Julia Elizabeth Annas (born 1946) is a British philosopher who has taught in the United States for the last quarter-century. She is Regents Professor of Philosophy Emerita at the University of Arizona.

Education and career
Annas graduated from Oxford University in 1968 with a B.A. and from Harvard University with an A.M. (1970) and a Ph.D. (1972).

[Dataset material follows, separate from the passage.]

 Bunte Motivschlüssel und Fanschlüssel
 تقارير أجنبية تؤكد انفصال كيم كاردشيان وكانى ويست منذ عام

She was a Fellow and Tutor at St Hugh's College, Oxford for fifteen years before joining the faculty at the University of Arizona in 1986, where she taught until her retirement, apart for one year as a professor at Columbia University.

She specializes in the study of ancient Greek philosophy, including ethics, psychology, and epistemology. 
She was elected a Fellow of the American Academy of Arts and Sciences in 1992 and a member of the American Philosophical Society in 2013. She is the founder and former editor of the annual journal Oxford Studies in Ancient Philosophy. She is married to Hume scholar David Owen, also a professor of philosophy at the University of Arizona.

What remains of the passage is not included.